Eu disse-lhe que não, que não há a proibição, mas sem muita convicção, naquele momento. Decidi estudar um pouco, ontem, sobre o assunto e cheguei à conclusão de que a minha resposta estava correta, ainda que proferida sem a base bíblica claramente definida. Portanto, começaremos lendo o trecho de Ex. 20.7, cujo texto é repetido em Dt 5.11: “Não tomarás o nome do Senhor teu Deus em vão; porque o Senhor não terá por inocente o que tomar o seu nome em vão”.

Agora leiamos o Sermão do Monte, onde o Senhor Jesus diz: “Outrossim, ouvistes que foi dito aos antigos: Não perjurarás, mas cumprirás os teus juramentos ao Senhor. Eu, porém, vos digo que de maneira nenhuma jureis; nem pelo céu, porque é o trono de Deus; Nem pela terra, porque é o escabelo de seus pés; nem por Jerusalém, porque é a cidade do grande Rei; Nem jurarás pela tua cabeça, porque não podes tornar um cabelo branco ou preto. Seja, porém, o vosso falar: Sim, sim; Não, não; porque o que passa disto é de procedência maligna” [Mt 5.33-37, consonante com Tg 5.12].

O que temos aqui? Uma expressa proibição do Senhor para que não juremos? Ele está a ordenar-nos que qualquer jura é pecado ou se refere a um tipo específico de juramento? É o que veremos a seguir. Mas primeiro, definamos o termo, segundo o Michaelis:

Juramento: "1 Ato de jurar. 2 Afirmação ou negação explícita de alguma coisa, tomando a Deus por testemunha ou invocando coisa sagrada". 

Temos, no Antigo Testamento, a afirmação clara de que o homem não deve jurar em vão, ou seja, ele não pode jurar sobre algo que não pode cumprir, e se jurar, deve fazê-lo, certo de que tem de cumpri-lo, do contrário ele profanará o nome de Deus. Veja que o juramente é sempre em nome de Deus, e não em nome de alguma outra coisa. Não podemos jurar em nome de nós mesmos, pois somos inconstantes e seres caídos, sem autoridade.
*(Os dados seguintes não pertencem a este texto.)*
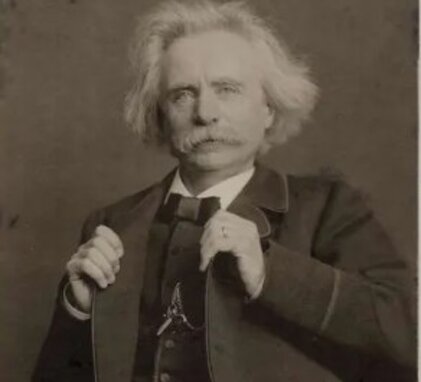 a367c5df-efe7-44d2-acde-6f714d678388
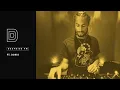 Lagu Soulful Club Classics to Deep House w/ DONIS: 25.28.12 [vinyl dj mix]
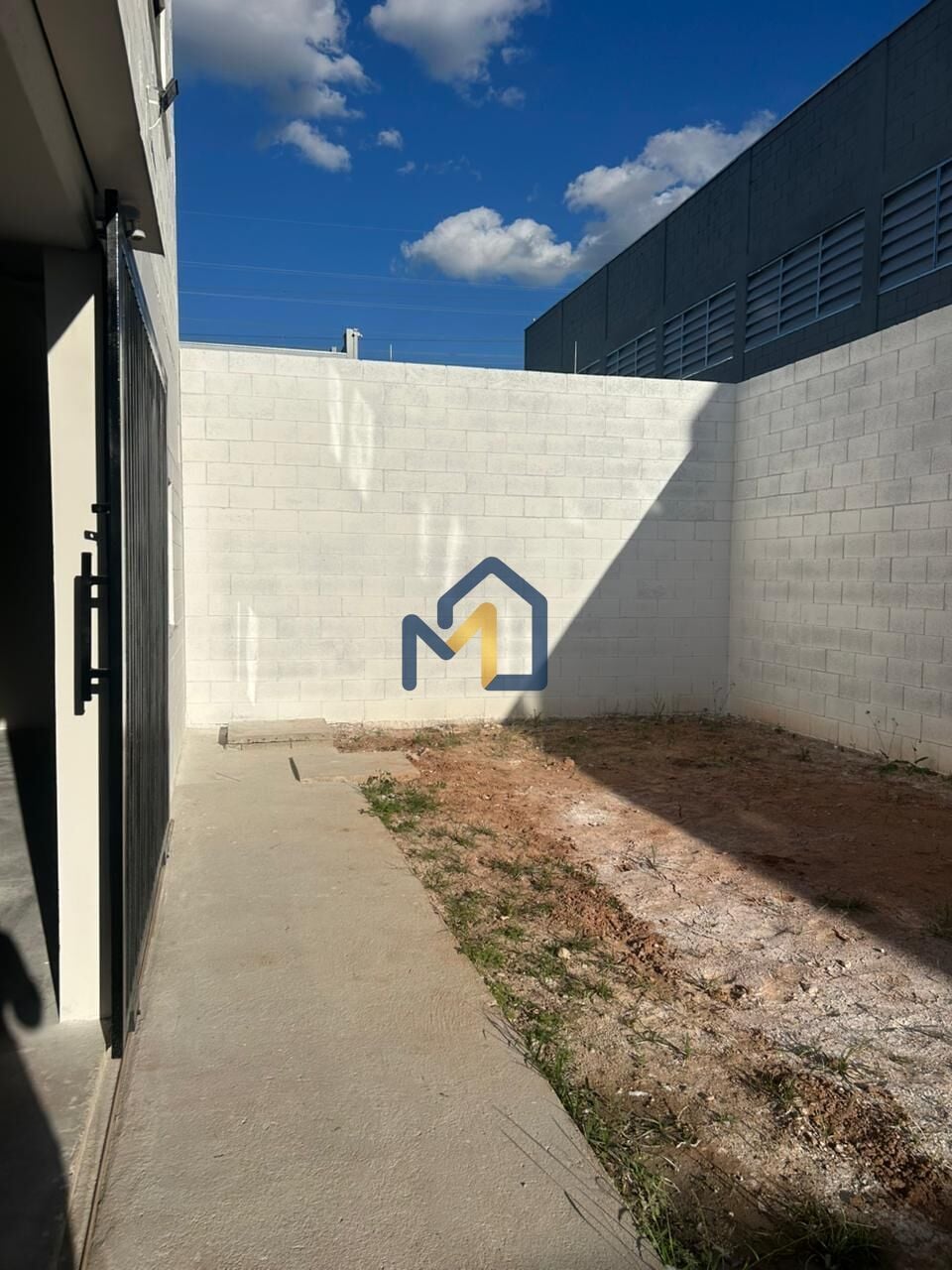 Depósito-Galpão, 539 m² - Foto 23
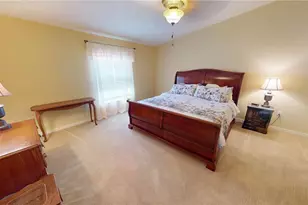 327 Monaco Dr, Punta Gorda, FL 33950 - Photo 17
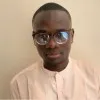 Cheickna Doumbia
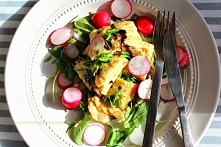 japanese omelette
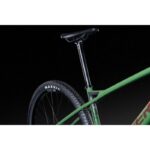 vtt-xc-lapierre-prorace-cf-79-2024-7.png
Nem podemos jurar em nome de outro elemento da natureza, seja o céu, a terra, as árvores, etc., porque, ao fazê-lo, colocamos o nosso juramento sobre algo criado, que em si mesmo não é fonte de nenhuma autoridade, e acabamos por invocar implicitamente o nome de Deus, que é a origem de tudo o mais, o criador de todas as coisas, e é por ele que elas vieram a existência e têm a glória e o poder que ele as deu. Ao fazê-lo, acabamos por jurar implicitamente, de uma forma ou de outra, em nome de Deus, que o princípio de todas as coisas e a causa primeira da criação.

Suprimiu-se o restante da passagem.